- **Exercise prompt**:
All the lines below need to be output exactly, apart from any images.

── Stored data ──

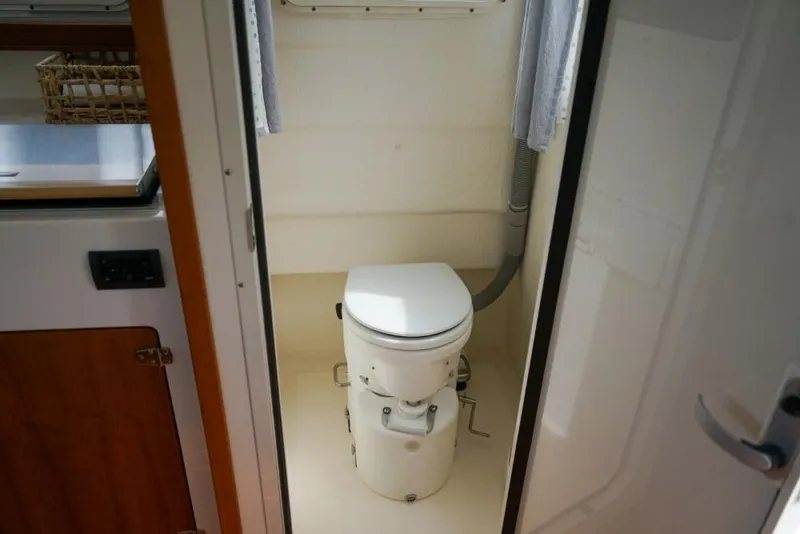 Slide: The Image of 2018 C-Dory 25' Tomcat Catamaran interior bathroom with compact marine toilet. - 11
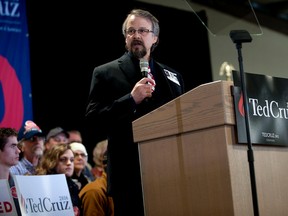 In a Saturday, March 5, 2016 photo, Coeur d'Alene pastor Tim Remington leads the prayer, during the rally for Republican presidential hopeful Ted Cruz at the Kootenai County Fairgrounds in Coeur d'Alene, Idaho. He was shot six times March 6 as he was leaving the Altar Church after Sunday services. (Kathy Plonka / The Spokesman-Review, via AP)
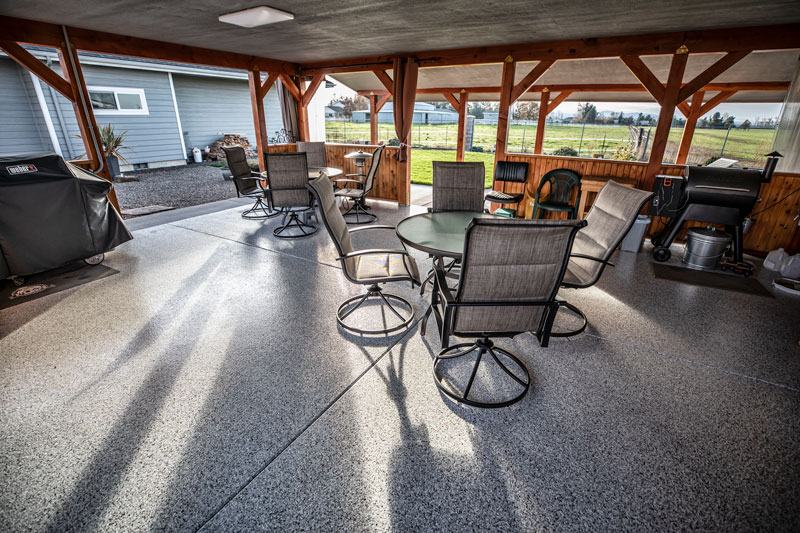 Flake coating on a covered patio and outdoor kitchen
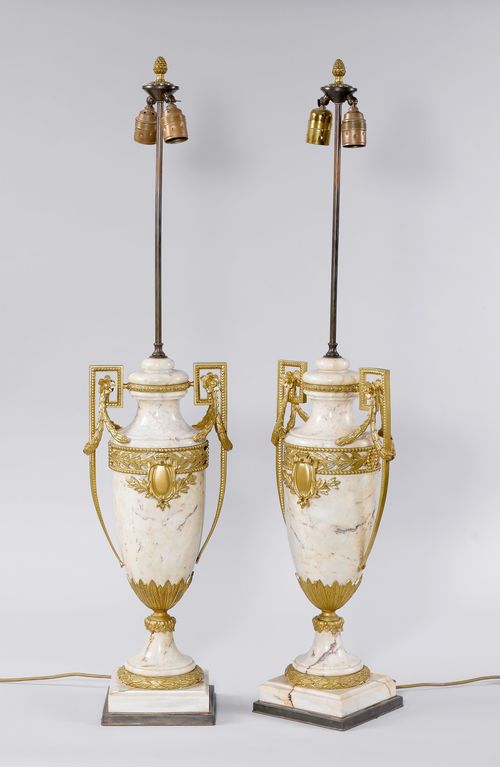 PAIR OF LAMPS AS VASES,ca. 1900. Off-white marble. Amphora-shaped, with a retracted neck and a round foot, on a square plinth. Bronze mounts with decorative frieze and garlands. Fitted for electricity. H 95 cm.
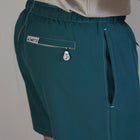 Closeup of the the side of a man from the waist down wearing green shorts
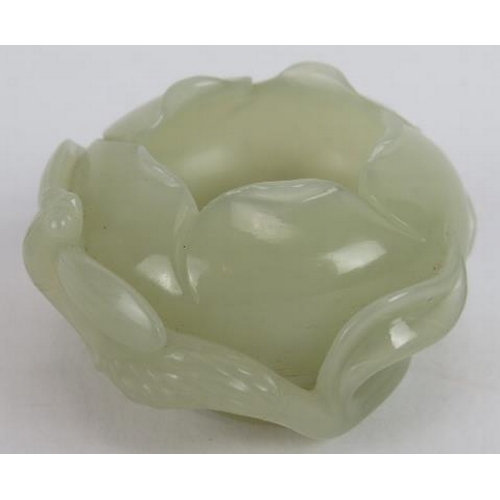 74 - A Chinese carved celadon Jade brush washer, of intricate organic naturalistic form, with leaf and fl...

───

- **Output for this task**:
 Slide: The Image of 2018 C-Dory 25' Tomcat Catamaran interior bathroom with compact marine toilet. - 11
 In a Saturday, March 5, 2016 photo, Coeur d'Alene pastor Tim Remington leads the prayer, during the rally for Republican presidential hopeful Ted Cruz at the Kootenai County Fairgrounds in Coeur d'Alene, Idaho. He was shot six times March 6 as he was leaving the Altar Church after Sunday services. (Kathy Plonka / The Spokesman-Review, via AP)
 Flake coating on a covered patio and outdoor kitchen
 PAIR OF LAMPS AS VASES,ca. 1900. Off-white marble. Amphora-shaped, with a retracted neck and a round foot, on a square plinth. Bronze mounts with decorative frieze and garlands. Fitted for electricity. H 95 cm.
 Closeup of the the side of a man from the waist down wearing green shorts
 74 - A Chinese carved celadon Jade brush washer, of intricate organic naturalistic form, with leaf and fl...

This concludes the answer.